Mella disse que Gorriti também foi acusado de instigar – por meio de reportagens jornalísticas – o suicídio do ex-presidente Alan García, que se suicidou assim que as autoridades foram prendê-lo por suposta participação na Operação Lava Jato.
"Essas mentiras, disseminadas por desinformação na mídia e nas redes sociais, desencadeiam ondas de ódio pela extrema direita", disse ela.
Tais mentiras são usadas por aqueles que foram mais expostos por jornalistas independentes, segundo a repórter.
"É um ataque criado por círculos de corrupção contra um jornalista que os investiga", disse Mella, apontando semelhanças com o que aconteceu na Guatemala.
"O objetivo é claro, transformar investigadores em objetos de investigação, e políticos investigados por atos graves de corrupção em indivíduos politicamente perseguidos", disse ela.
Tudo isso acontece ao lado de "assédio sistemático e violência de grupos de extrema direita".
Além dos ataques em sua redação, os grupos foram à casa de Gorriti e fizeram exposição virtual de dados de Mella em redes sociais. Isso está acontecendo há seis anos e a polícia não agiu, disse a jornalista.
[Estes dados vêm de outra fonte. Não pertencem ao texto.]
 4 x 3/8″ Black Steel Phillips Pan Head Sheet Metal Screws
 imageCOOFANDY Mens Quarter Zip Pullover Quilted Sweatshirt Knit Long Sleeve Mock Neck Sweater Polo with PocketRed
Em 27 de março, um promotor público de Lima abriu uma investigação preliminar contra Gorriti por suposta corrupção.
"[O promotor] está examinando se Gorriti, em suas reportagens para o IDL-Reporteros, promoveu o trabalho de dois promotores públicos em troca de furos jornalísticos sobre suas investigações de corrupção política, de acordo com a notificação judicial do Ministério Público que foi enviada a Gorriti", segundo noticiou o Comitê para Proteção dos Jornalistas (CPJ).
Parte deste caso é a ordem para que Gorriti forneça números de telefone usados entre 2016 e 2021.
Gorriti disse que lutará pelo direito dos jornalistas à confidencialidade de fontes e que continuará a expor a corrupção. Ele nega um relacionamento impróprio com promotores públicos.
"O que estamos passando agora representa uma séria ameaça aos jornalistas e à liberdade em geral", disse Mella. "Atacar jornalistas investigativos significa atacar o direito dos cidadãos à informação".
Ela pediu aos presentes que cobrissem o caso. Na tela atrás dela havia uma foto de Gorriti com um código QR que leva a uma carta de apoio ao jornalista investigativo.
"Um ataque contra um é um ataque contra todos", disse ela. "De nossa redação em Lima, continuaremos lutando."